Epistemic Graph Service Layer Architecture¶

CONCEPT:KG-2.7 — Tokio-first graph service

Overview¶

The epistemic-graph service layer is a long-running Tokio process that holds multiple named graphs in memory and serves requests over Unix Domain Socket (UDS) or TCP. It replaces the previous PyO3 in-process FFI approach as the primary compute backend.

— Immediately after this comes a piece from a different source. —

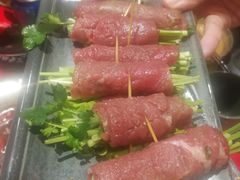 -谭鸭血老火锅(漳州路店)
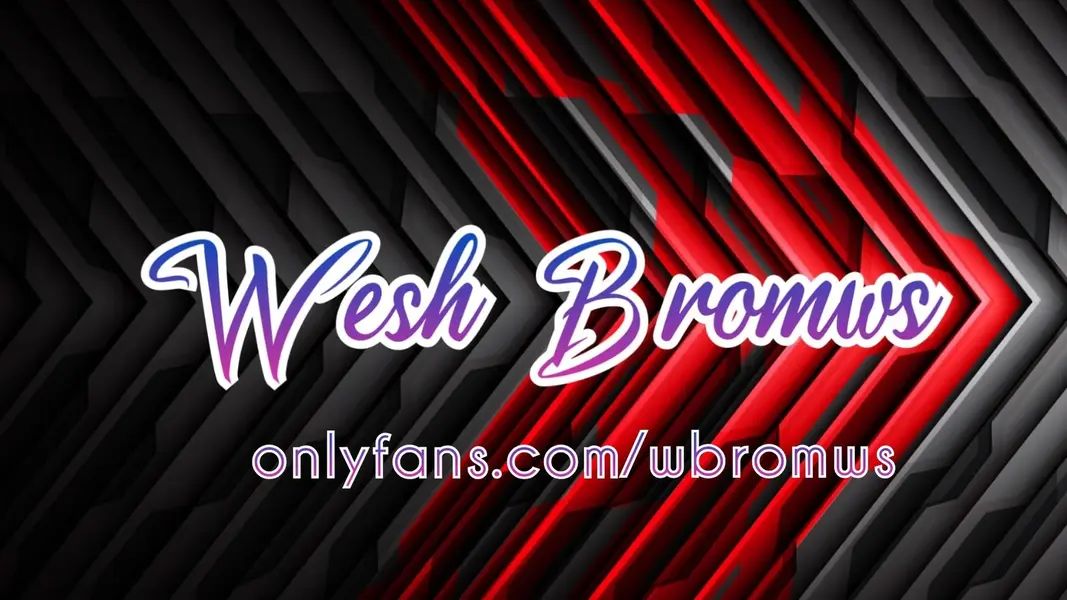 W Bromws❌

Python (agent-utilities API gateway)
  └── GraphComputeEngine (async UDS/TCP client)
        └── epistemic-graph-server (Tokio, long-running)
              ├── GraphRegistry (named graphs)
              ├── ChannelManager (P2P, 1:1, many:many, bus)
              ├── IsolationLayer (ACL enforcement)
              └── Checkpoint/Persistence

Graph Topology¶

Graph Types¶

Type	Naming Convention	Access	Purpose
Bus	`__bus__`	All agents R/W	Global event broadcast, inter-agent messaging
Agent	`agent:<id>`	Owner: full, Manager: full, Peers: denied	Private agent knowledge, episode memory
Team	`team:<name>`	Members: read, Manager: R/W	Shared team context, project knowledge
Global	`global:<name>`	All: read-only	System ontology, tool registry

Isolation Rules¶

Peer isolation: Agent graphs are invisible to peer agents
Hierarchical access: Manager agents have full access to subordinate graphs
Bus is public: __bus__ readable/writable by all authenticated agents
Team scoping: Team graphs are read-only for members, read-write for manager
Global read-only: Global graphs are system-managed, agent-readable

Dynamic Communication Channels¶

Agents can create ephemeral channels for P2P or group communication:

1:1 channels: channel:p2p:<agent_a>:<agent_b> — direct messaging
Many:many channels: channel:group:<uuid> — group created by any agent
Lifecycle: Create → Join → Leave → Close
KG Imprint: On close, the channel creates a permanent KG record with:
Vectorized embedding of the conversation summary
Participant edges preserved permanently
Topic metadata and timestamps

Configuration¶

All settings are available in the XDG config.json:

Field	Env Var	Default	Description
`graph_service_socket`	`GRAPH_SERVICE_SOCKET`	`$XDG_RUNTIME_DIR/epistemic-graph.sock`	UDS socket path
`graph_service_tcp_addr`	`GRAPH_SERVICE_TCP_ADDR`	`None`	TCP address (e.g., `0.0.0.0:9100`)
`graph_service_auth_secret`	`GRAPH_SERVICE_AUTH_SECRET`	`None`	HMAC-SHA256 shared secret
`graph_service_checkpoint_secs`	`GRAPH_SERVICE_CHECKPOINT_SECS`	`300`	Auto-checkpoint interval
`graph_service_persist_on_shutdown`	`GRAPH_SERVICE_PERSIST_ON_SHUTDOWN`	`true`	Serialize on shutdown

Authentication¶

All connections require HMAC-SHA256 authentication: - Client computes HMAC-SHA256(secret, request_id) and sends it as auth_token - Server verifies the token before processing any request - For UDS-only deployments, Unix file permissions provide additional isolation - TCP deployments require authentication

API Gateway Integration¶

The service lifecycle is tied to the agent-utilities API gateway: - Startup: Gateway sends Reconcile to push authoritative state from the backend - Shutdown: Gateway sends Checkpoint to persist all graphs - The service process is the epistemic-graph-server Rust daemon (run via cargo run -p epistemic-graph). GraphComputeEngine will auto-start it on first connect when EPISTEMIC_GRAPH_AUTOSTART=1 is set; otherwise the daemon must already be running.

Migration from PyO3¶

The PyO3 in-process FFI path has been fully removed. GraphComputeEngine talks to the epistemic-graph-server Tokio daemon exclusively over the out-of-process MessagePack/UDS (or TCP) client (epistemic_graph.client); there is no in-process embedded fallback. If the daemon is unreachable, set EPISTEMIC_GRAPH_AUTOSTART=1 to have the engine spawn it on first connect.

Sharding (Stage 2)¶

With 2+ entries in GRAPH_SERVICE_ENDPOINTS, GraphComputeEngine routes each named graph to its owning shard by HRW rendezvous hashing (tenant → named graph → HRW → shard, CONCEPT:KG-2.58). Autostart then applies only to the local unix:// endpoint — an unreachable remote shard is a fail-loud ConnectionError naming the shard. See engine_sharding.md.